Only an exact copy is wanted: the lines from the one holding "Cumhurbaşkanı Erdoğan, Malezya" through the last line below, minus the pictures.

Short text fragments from websites
* * *

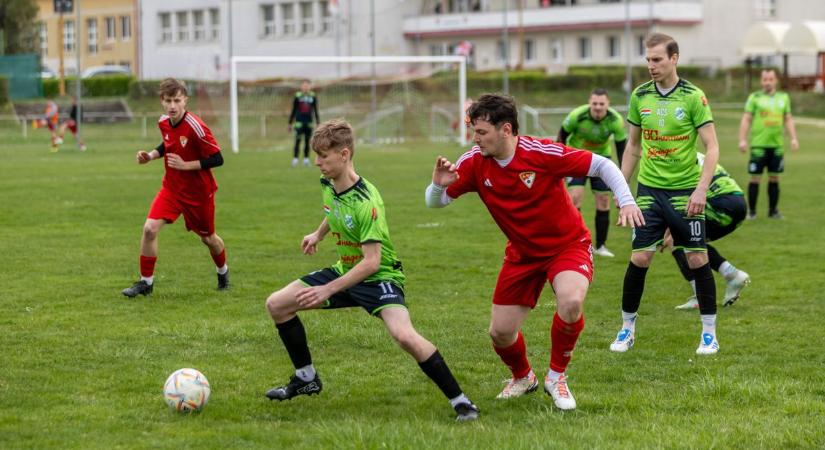 Kiütéses zsámbéki győzelem a húsvéti forduló rangadóján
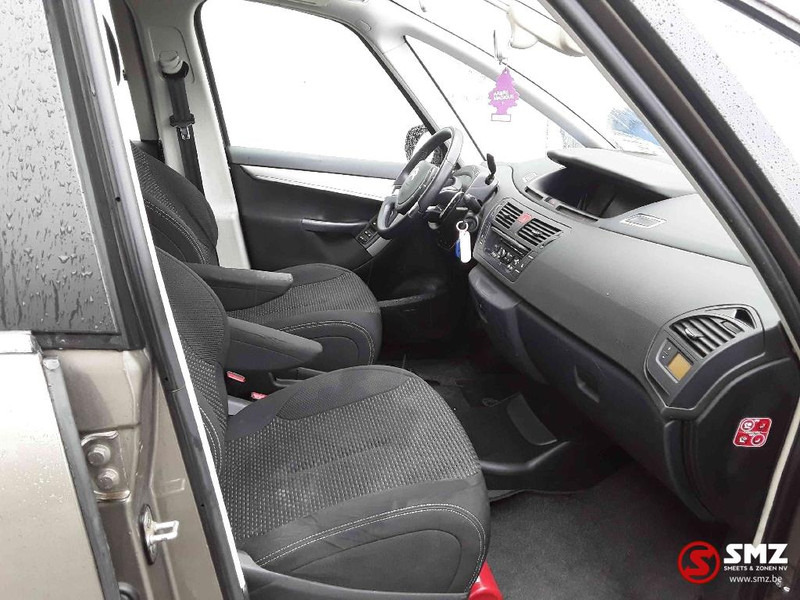 Citroën C 4 Piccasso - Autó: 5 kép. Citroën C 4 Piccasso - Autó: 5 kép.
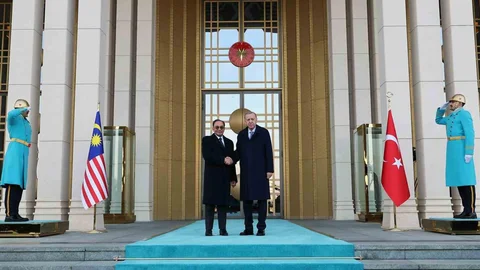 Cumhurbaşkanı Erdoğan, Malezya Başbakanı'nı Karşıladı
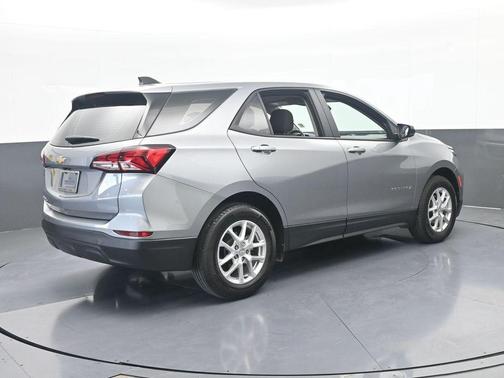 Sterling Gray Metallic 2023 Chevrolet Equinox LS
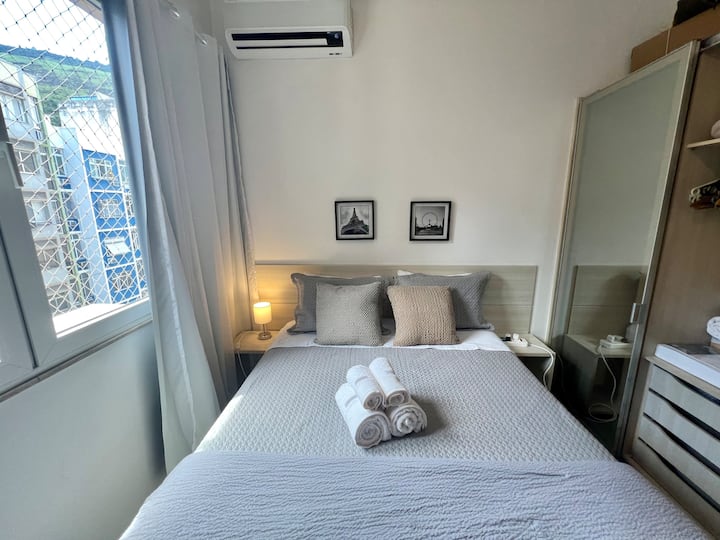 Საწოლი 152 × 203 სმ
Სმარტ-ტელევიზორი 58"
Სხეულის სრული სარკე
Კარადა 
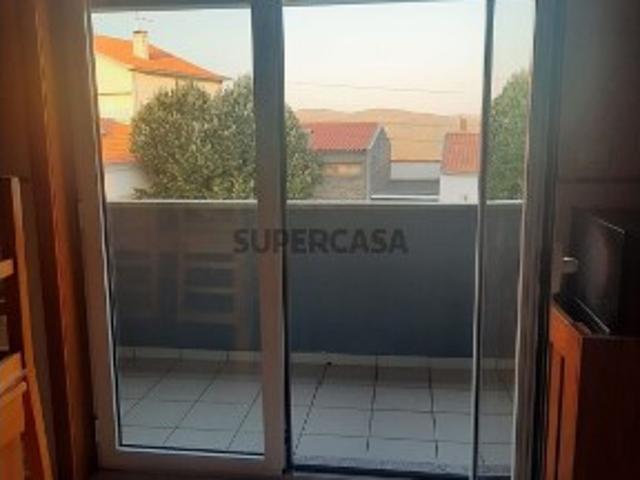 Apartamento T4 em Freixo de Espada À Cinta e Mazouco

* * *

* Completed exercise:
 Cumhurbaşkanı Erdoğan, Malezya Başbakanı'nı Karşıladı
 Sterling Gray Metallic 2023 Chevrolet Equinox LS
 Საწოლი 152 × 203 სმ
Სმარტ-ტელევიზორი 58"
Სხეულის სრული სარკე
Კარადა 
 Apartamento T4 em Freixo de Espada À Cinta e Mazouco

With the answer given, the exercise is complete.